Two-Slope Mitral Inflow Ascending Arm in Patients with Heart Failure and Preserved Ejection Fraction, Individuals With Risk Factors, and Healthy Controls – A Novel Phenomenon

Guy Dori 1 Muhammad Egbaria 1 Shemy Carasso 2 Mohamed Jabaren 3
1Emek Medical Center, Israel
2Baruch Padeh Medical Center, Israel
3Emek Medical Center, Israel

Objective: To calculate the frequency of 1- and 2-slope E wave ascending arm (EWAA) in 3 study groups: healthy controls (HC), subjects with risk factors for developing heart failure with preserved ejection fraction (HFPEF-RF), and patients with HFPEF.

Methods: Retrospective analysis of EWAAs. Investigators were blind to the association between subject`s clinical group and subject`s echocardiographic examination when measuring slopes.

Results: In the HC, HFPEF-RF, and HFPEF groups there were: 57 and 166, 60 and 161, and 66 and 199 subjects and E waves, respectively. The prevalence of a 2-slope EWAA in the HC, HFPEF-RF, and HFPEF groups was: 38%, 39%, and 46%, respectively (p<0.22). Value of the early slope when 2-slope EWAA was detected was 34-50% greater than that when a single slope EWAA was detected, in each of the groups (p<0.001).

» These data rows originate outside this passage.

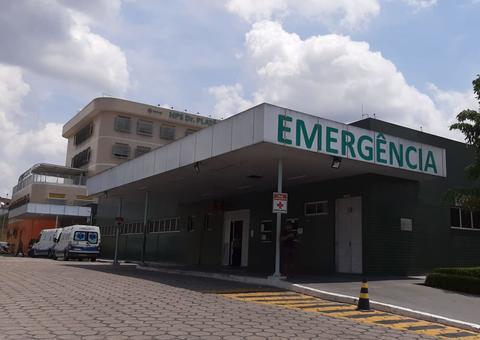 Em Manaus, jovem luta com assaltantes no meio da rua e acaba baleado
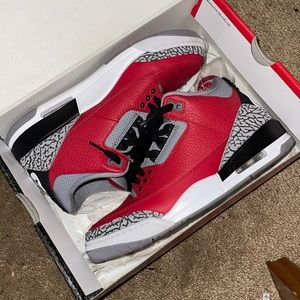 Air Jordan Retro 3 SE Unit Fire Red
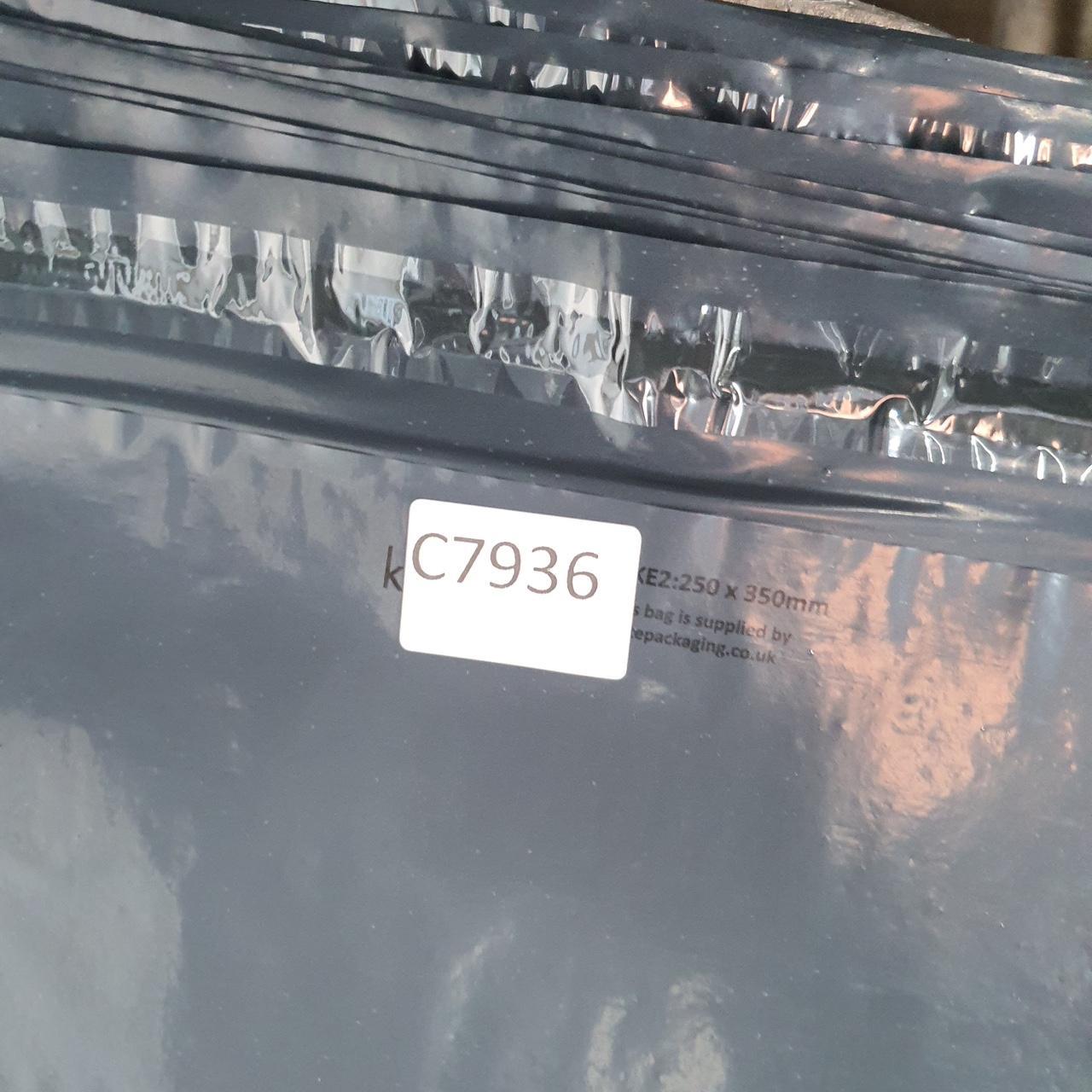 Vintage Nike Club T Shirt Men’s 2XL Grey Embroidered Swoosh Logo Athletic Big Fish Vintage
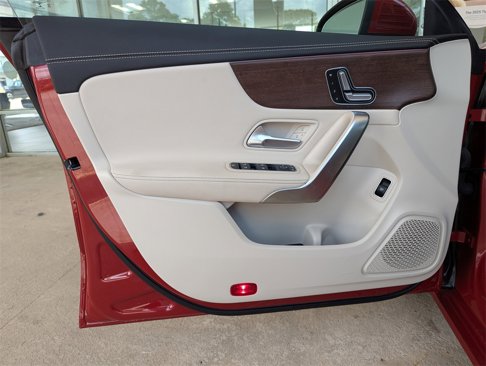 Used 2023 Mercedes-Benz CLA 250 image 17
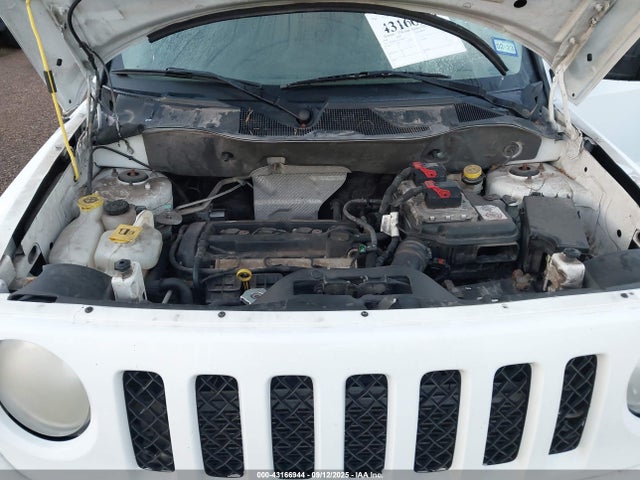 43166944 :رقم المزاد ، 1C4NJPBA3ED703447 vin ، 2014 Jeep Patriot Altitude مزاد بيع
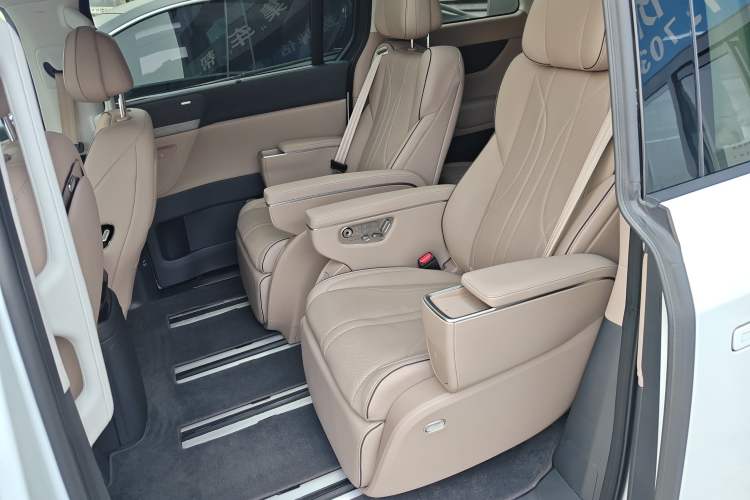 Used XPeng X9 2025 740 Ultra-Long Range Max Left Rear Seat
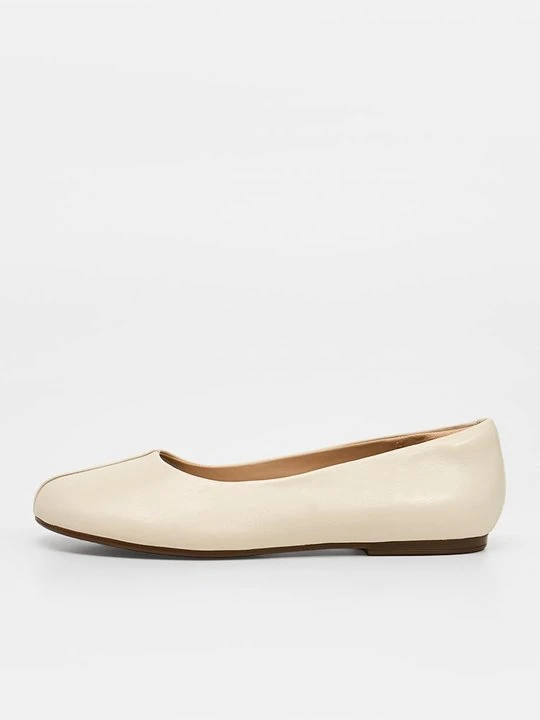 Zdjęcie produktu Klasyczne baleriny Clarks biały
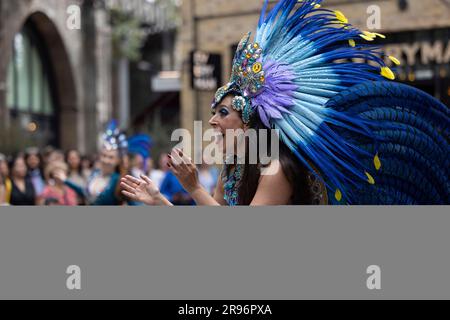 Londres, Royaume-Uni. 24th juin 2023. Les artistes sont vus danser à la fête d'été Great Get Together Bankside à Borough yards, dans le cadre d'une série d'événements nationaux inspirés par feu le député de JO Cox. (Credit image: © Hesther ng/SOPA Images via ZUMA Press Wire) USAGE ÉDITORIAL SEULEMENT! Non destiné À un usage commercial ! Banque D'Images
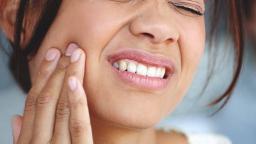Tampa Dentists Reveal 5 Ways to Treat Tooth Pain at Night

Conclusion: This study shows that a 2-slope EWAA phenomenon is common in the 3 study groups. Further research is required to reveal the mechanism underlying the 2-slope EWAA phenomenon.

Significance: The 2-slope EWAA phenomenon represents a change in the sum of the physical forces driving blood from left atrium to left ventricle at early diastole. If 2-slope EWAA is related to a physiologic effort to augment early diastole, certain medications may impair this phenomenon.